When using the tools, such as the EX tags, your post (#465) should look something like this:
External Quote:
the author states:
External Quote:
"Dawson was able to fool the experts of the day by employing the same trick used by successful con artists since time immemorial: He showed them what they wanted to see."
so does the PG case follow the same 'trick' ? Hardly, in fact the opposite. Patterson's film was ignored if not outright derided by the scientific community. They did not want to "see" this. And he acknowledged that the film was certainly not proof. Its interesting that he even attempted to sway them - if his goal was to simply make money, why take on the experts in the field? Just go directly to the public.
as to accomplices (Gimlin in the case of PG) the article states:
External Quote:
"... says the study adds scientific certainty to his and others' conclusions that Dawson alone committed the hoax. "Having an accomplice in this … would have been extremely dangerous, opening the forger up to potential blackmail, or worse, exposure and ridicule,
"The new report confirms the likelihood that the forger, who we can now no longer doubt was Dawson, acted alone."

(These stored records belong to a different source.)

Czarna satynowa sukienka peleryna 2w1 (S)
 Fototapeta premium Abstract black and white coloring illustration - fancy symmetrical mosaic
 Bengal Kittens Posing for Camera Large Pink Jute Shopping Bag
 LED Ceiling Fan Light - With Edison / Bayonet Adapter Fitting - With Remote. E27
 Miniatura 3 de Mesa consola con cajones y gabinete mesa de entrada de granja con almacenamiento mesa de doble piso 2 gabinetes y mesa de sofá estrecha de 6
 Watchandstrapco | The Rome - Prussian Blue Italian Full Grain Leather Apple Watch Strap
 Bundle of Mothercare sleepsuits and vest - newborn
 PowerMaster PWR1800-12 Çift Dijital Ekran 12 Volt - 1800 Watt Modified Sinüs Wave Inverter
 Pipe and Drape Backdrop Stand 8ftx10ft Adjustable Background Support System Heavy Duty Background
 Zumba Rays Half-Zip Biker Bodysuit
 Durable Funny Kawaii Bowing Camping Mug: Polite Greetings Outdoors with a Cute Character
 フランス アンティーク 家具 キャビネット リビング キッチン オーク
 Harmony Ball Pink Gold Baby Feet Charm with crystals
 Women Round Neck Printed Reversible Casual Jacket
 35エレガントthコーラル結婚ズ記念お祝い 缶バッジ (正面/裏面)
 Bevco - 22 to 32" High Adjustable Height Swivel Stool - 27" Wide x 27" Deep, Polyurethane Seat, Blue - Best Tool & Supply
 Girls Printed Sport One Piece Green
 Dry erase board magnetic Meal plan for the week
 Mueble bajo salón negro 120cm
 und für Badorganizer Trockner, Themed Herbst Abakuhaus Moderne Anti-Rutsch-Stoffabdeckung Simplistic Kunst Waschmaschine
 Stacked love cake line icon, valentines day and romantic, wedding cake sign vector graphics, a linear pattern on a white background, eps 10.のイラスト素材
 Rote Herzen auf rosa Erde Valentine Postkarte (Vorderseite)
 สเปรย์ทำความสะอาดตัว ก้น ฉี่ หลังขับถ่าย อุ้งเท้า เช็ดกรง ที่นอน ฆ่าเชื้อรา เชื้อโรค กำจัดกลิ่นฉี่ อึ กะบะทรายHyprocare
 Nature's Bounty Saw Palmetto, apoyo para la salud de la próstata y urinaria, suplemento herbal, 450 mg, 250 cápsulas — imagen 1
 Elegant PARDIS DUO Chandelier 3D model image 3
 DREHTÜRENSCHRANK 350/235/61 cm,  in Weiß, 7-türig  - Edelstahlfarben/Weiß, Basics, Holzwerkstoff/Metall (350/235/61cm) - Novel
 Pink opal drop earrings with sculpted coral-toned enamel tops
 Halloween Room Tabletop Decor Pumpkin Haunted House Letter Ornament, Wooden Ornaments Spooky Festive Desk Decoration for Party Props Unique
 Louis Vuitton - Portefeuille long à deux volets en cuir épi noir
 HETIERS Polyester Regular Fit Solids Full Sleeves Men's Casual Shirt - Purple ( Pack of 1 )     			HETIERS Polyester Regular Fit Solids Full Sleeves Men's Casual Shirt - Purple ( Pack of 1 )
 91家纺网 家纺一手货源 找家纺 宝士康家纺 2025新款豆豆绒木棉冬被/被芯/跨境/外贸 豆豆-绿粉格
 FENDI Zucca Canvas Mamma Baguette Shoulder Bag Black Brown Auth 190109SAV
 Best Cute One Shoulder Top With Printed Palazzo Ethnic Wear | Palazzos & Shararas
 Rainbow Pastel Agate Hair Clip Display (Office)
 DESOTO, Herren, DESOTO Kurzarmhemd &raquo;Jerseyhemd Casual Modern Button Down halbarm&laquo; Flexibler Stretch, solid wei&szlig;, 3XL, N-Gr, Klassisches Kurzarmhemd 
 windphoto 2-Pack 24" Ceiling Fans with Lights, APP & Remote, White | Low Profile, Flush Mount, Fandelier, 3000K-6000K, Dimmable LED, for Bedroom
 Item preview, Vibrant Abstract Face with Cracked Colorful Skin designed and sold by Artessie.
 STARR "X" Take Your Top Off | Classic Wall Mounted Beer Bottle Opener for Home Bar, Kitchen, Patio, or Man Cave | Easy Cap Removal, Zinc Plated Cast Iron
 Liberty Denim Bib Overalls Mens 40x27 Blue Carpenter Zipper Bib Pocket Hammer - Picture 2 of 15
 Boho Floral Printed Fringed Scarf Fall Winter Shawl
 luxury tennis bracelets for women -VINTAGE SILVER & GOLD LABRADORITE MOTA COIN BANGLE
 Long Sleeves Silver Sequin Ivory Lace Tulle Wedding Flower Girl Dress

https://www.science.org/content/art...piltdown-man-one-science-s-most-famous-hoaxes
The quotes that are from an external source, like science.org, are clearly offset so we all know it's from an actual source. It also separates the quoted source from the arguments your making based on it. The offset quote boxes are then followed by the source. In addition, you would indicate if the bold was by the original author or added by you to call our attention to a particular line. This keeps things clean and easy to follow.
Now then.
Correct. Not a heavy animal, an impossibly heavy animal. As Mendel pointed out above, the density and therefore likely weight of any living animal is very similar. Packum came up with 600-800# by comparing the actual cast to Gimlin's claim of it being much deeper than the adjacent horse prints. As the bigfoot track is deeper than the horse prints, it has to weigh more than the horse.
What Packum seems to have missed, as did Patterson, is that the much larger bigfoot foot displaces the weight over a larger area compared to the smaller horse hoof. If bigfoot weighs the same as the horse, the footprint would be shallower due to the larger area of displacement afforded by the size of the foot.
The fact that it is deeper than the smaller hoof print means it weighs far more than the horse and 600-800# is far to lite. That means that the NASI report you mentioned is more in line:
However, 1900# is completely nonsensical as you seem to admit. You go on to claim that Andre the Giant:
Assuming we doubled Andre's weight and he was morbidly obese, he's still nearly 900# less.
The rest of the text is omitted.